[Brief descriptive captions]
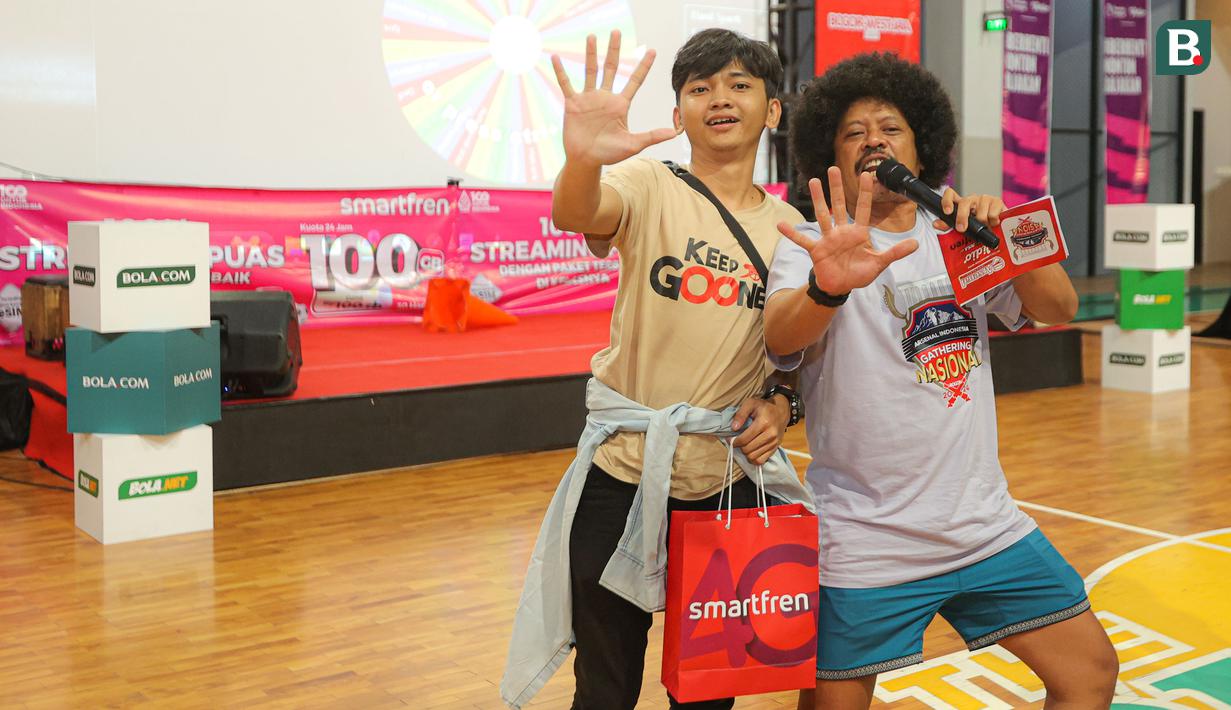 Salah seorang peserta Roaring Night pertandingan Liga Inggris 2023/2024 antara Arsenal kontra Crystal Palace yang beruntung mendapatkan merchandise dari sponsor berfoto bersama MC Eddi Brokoli di Bucketlist Indonesia, Bogor, Sabtu (20/1/2024). (Bola.com/Bagaskara Lazuardi)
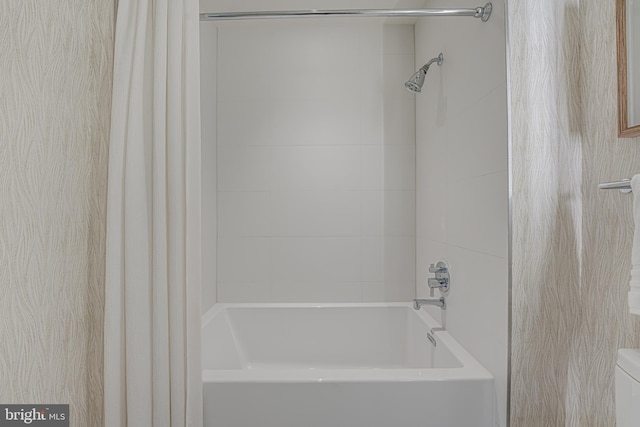 bathroom with shower / bath combo with shower curtain and toilet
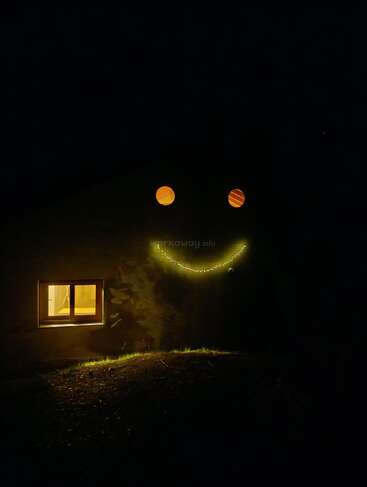 Nachts leuchten an einem Haus zwei runde Fenster und eine geschwungene Lichterkette, die auf der dunklen Fassade wie ein strahlendes Smiley-Gesicht aussehen.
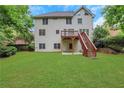 Expansive backyard featuring lush green lawn, mature trees, and wooden stairs leading to a deck at 5435 Vicarage Walk, Alpharetta, GA 30005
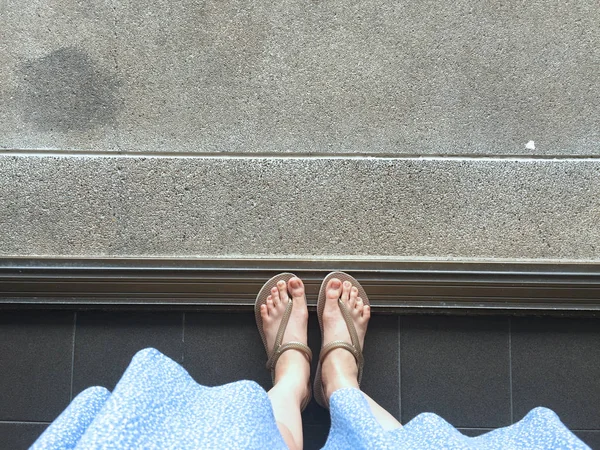 Female Feet Wear Sandals and Blue Dress on the Street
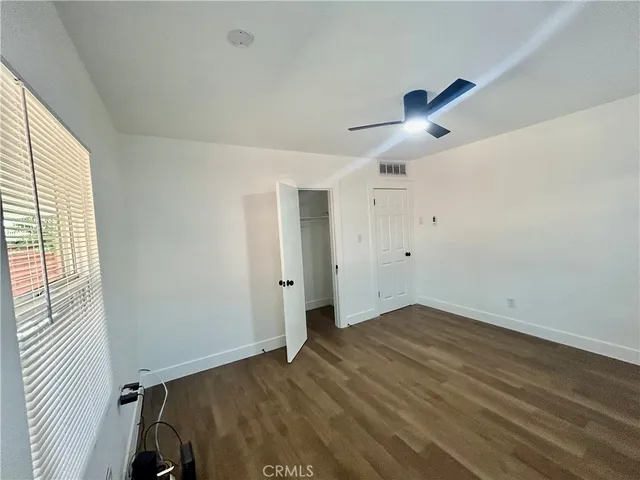 an empty room with a window and a ceiling fan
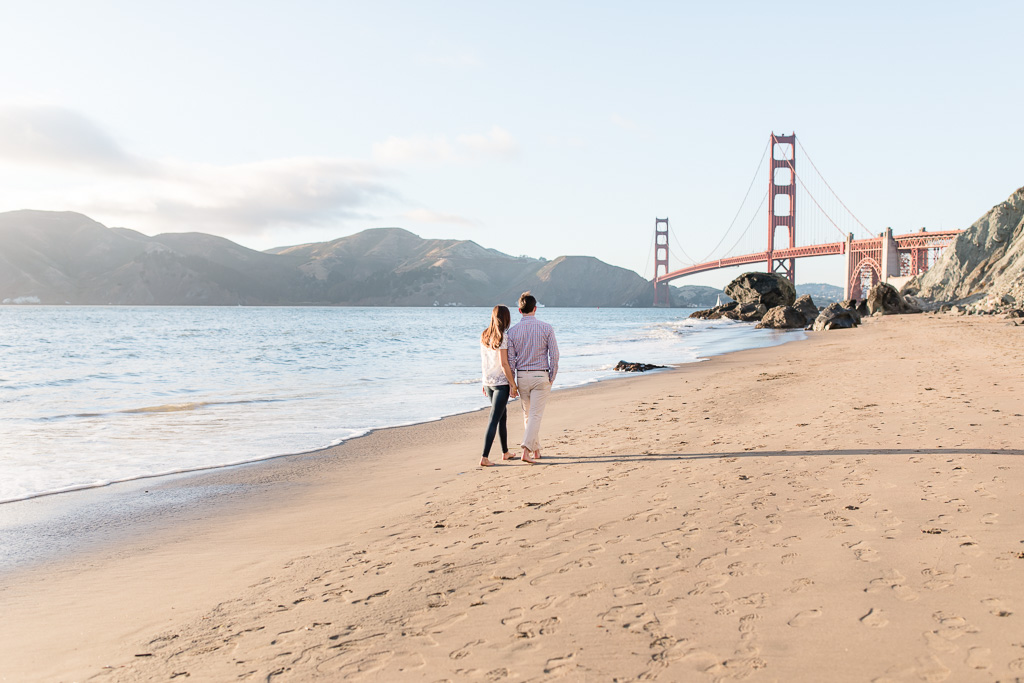 couple walking along shore towards Golden Gate Bridge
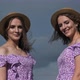 Portrait Two Young Twin Girls in Identical Dresses Looking in Camera in Nature - VideoHive Item for Sale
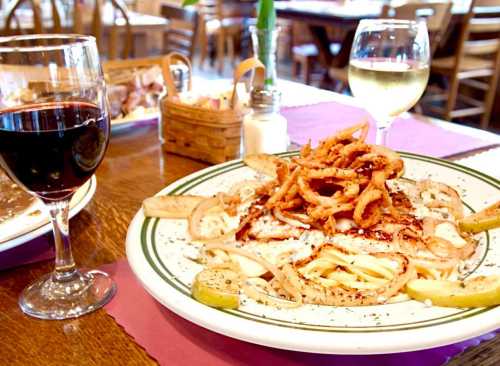 A plate of pasta topped with fried onions, served with a glass of red wine and a glass of white wine in a restaurant setting.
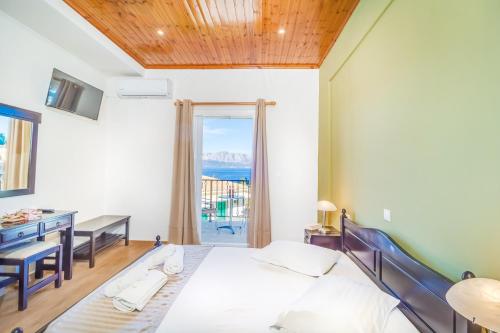 a bedroom with a bed and a desk and a window at Vergina Star Hotel in Nikiana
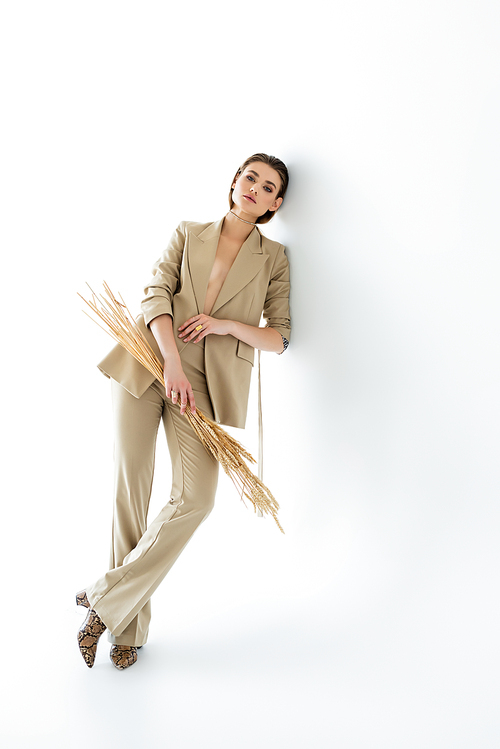 full length of young woman in beige suit posing while holding wheat on white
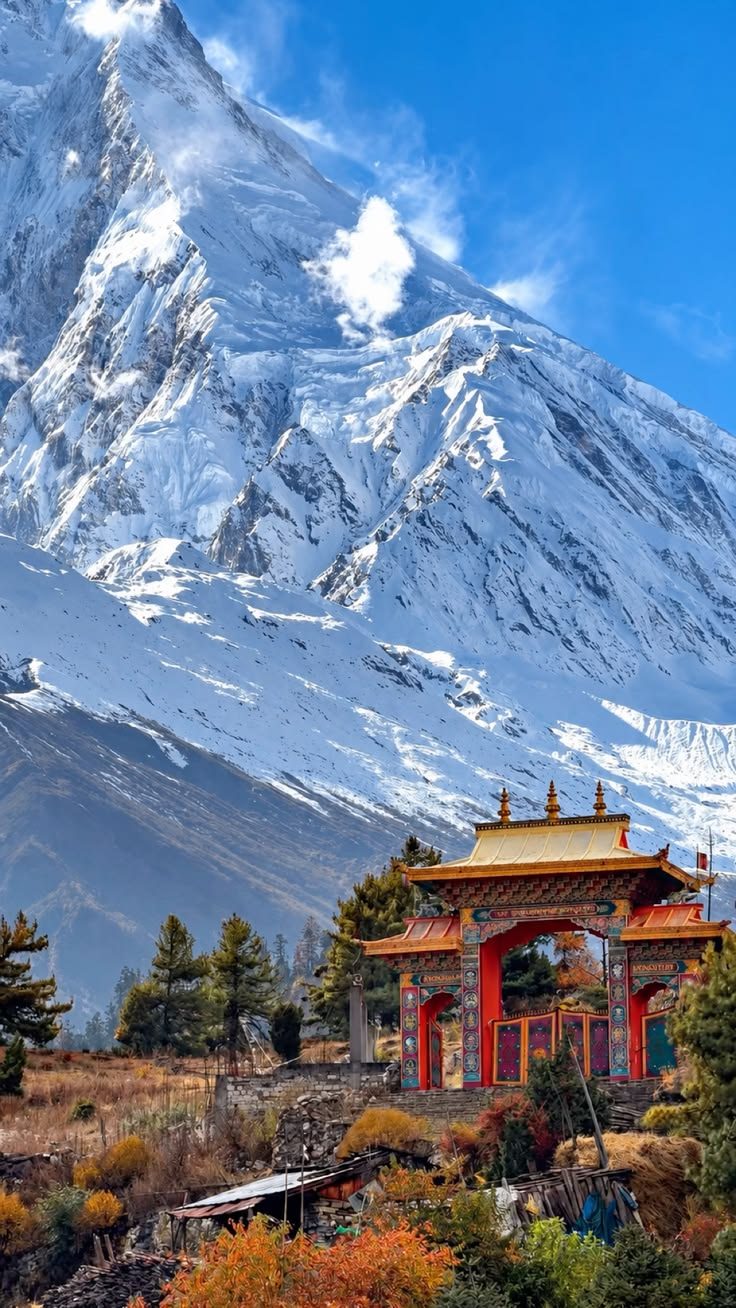 Monastery gate below a Himalayan peak, Nepal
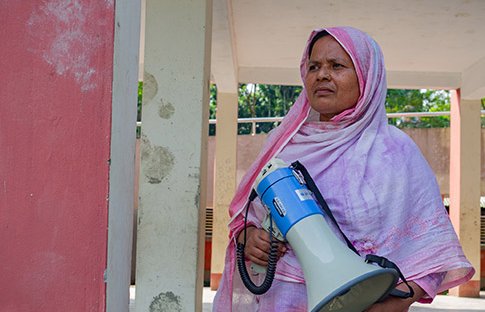 Dulu, a Bangladeshi woman in a pink shawl, stands looking determined while holding a megaphone.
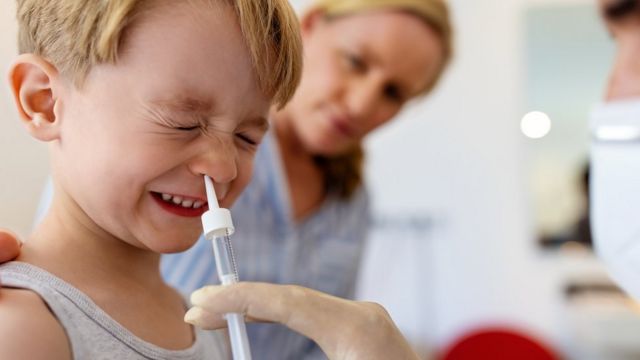 Uma criança recebe uma dose de um medicamento por via intranasal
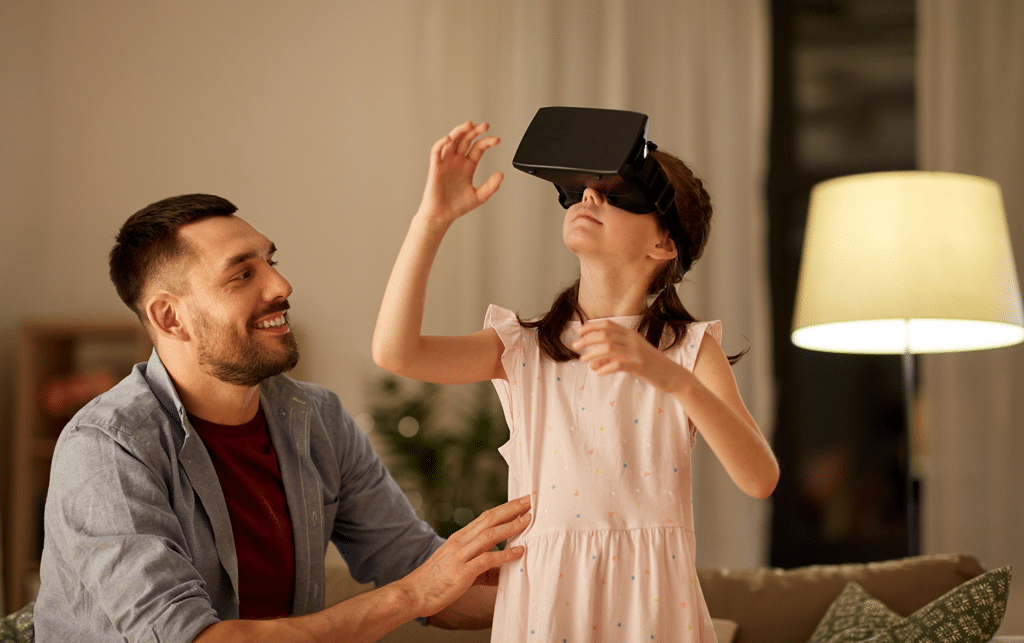 little girl and father playing with virtual reality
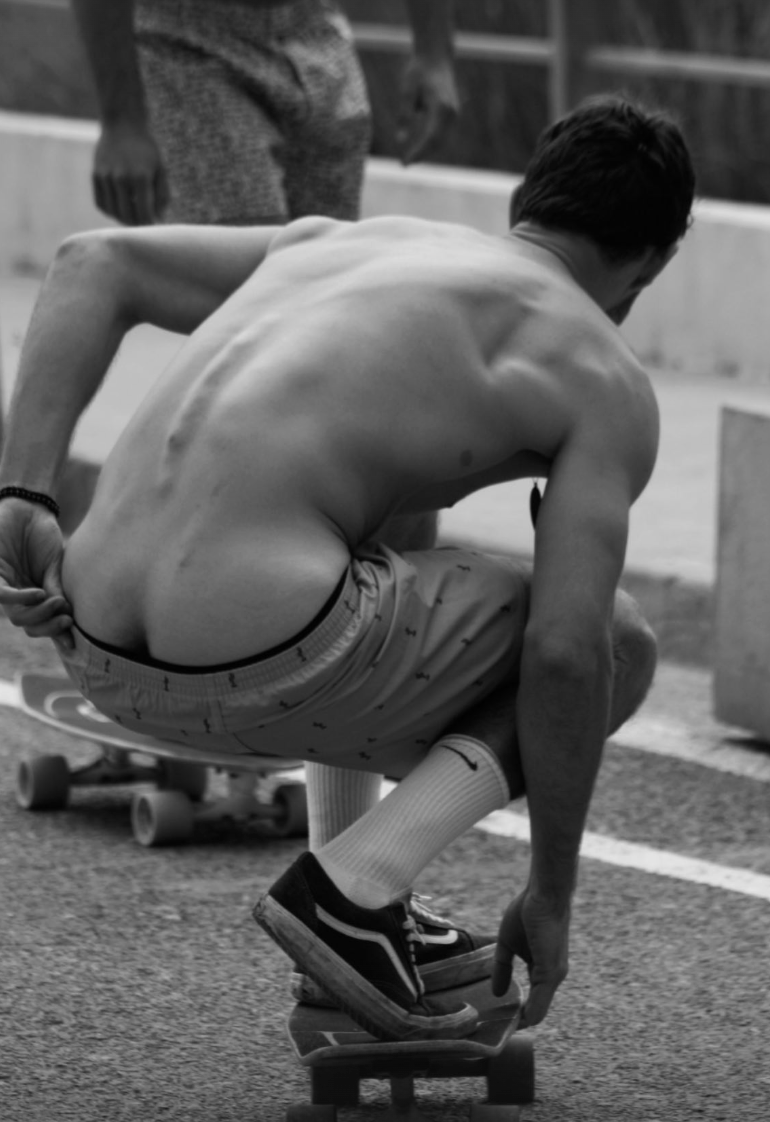 Un jove sense camisa amb els cabells curts i foscos ajupit sobre un monopatí, ajustant-se la sabata, en un parc de patinatge a l'aire lliure, amb una altra persona parcialment visible al fons.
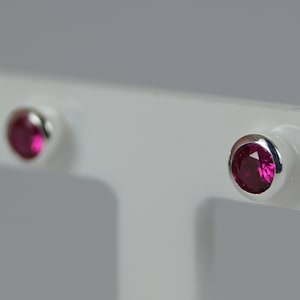 May include: A pair of stud earrings with bright magenta gemstones set in a polished silver bezel. The earrings are displayed against a white background, highlighting their simple elegance and vibrant colour.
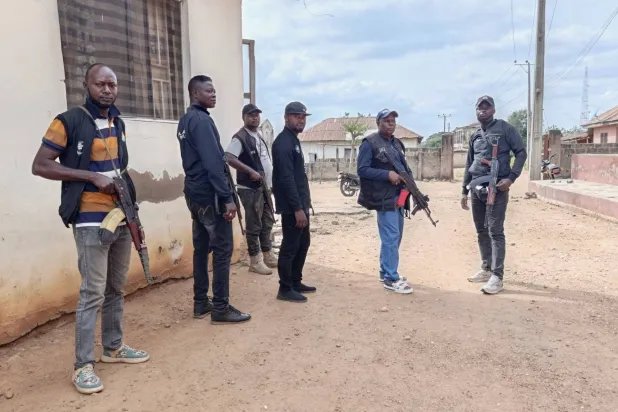 عناصر من الشرطة يحملون أسلحة خارج كنيسة في بلدة إروكو بولاية كوارا النيجيرية (رويترز)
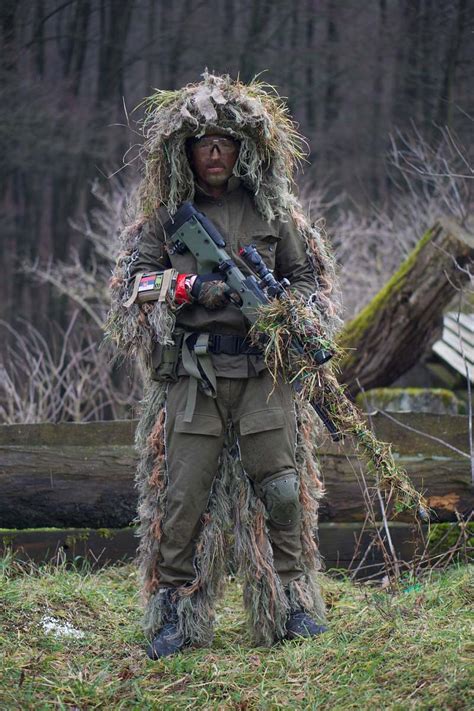 Sniper Soldier Covered With Grass Holding Sniper Rifle Military Image ...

# TASK BRIEF:
When copying from the data above, print only the lines from the line containing "Female Feet Wear" to the line containing "Uma criança recebe", exactly, and leave the pictures out.

# REPLY:
 Female Feet Wear Sandals and Blue Dress on the Street
 an empty room with a window and a ceiling fan
 couple walking along shore towards Golden Gate Bridge
 Portrait Two Young Twin Girls in Identical Dresses Looking in Camera in Nature - VideoHive Item for Sale
 A plate of pasta topped with fried onions, served with a glass of red wine and a glass of white wine in a restaurant setting.
 a bedroom with a bed and a desk and a window at Vergina Star Hotel in Nikiana
 full length of young woman in beige suit posing while holding wheat on white
 Monastery gate below a Himalayan peak, Nepal
 Dulu, a Bangladeshi woman in a pink shawl, stands looking determined while holding a megaphone.
 Uma criança recebe uma dose de um medicamento por via intranasal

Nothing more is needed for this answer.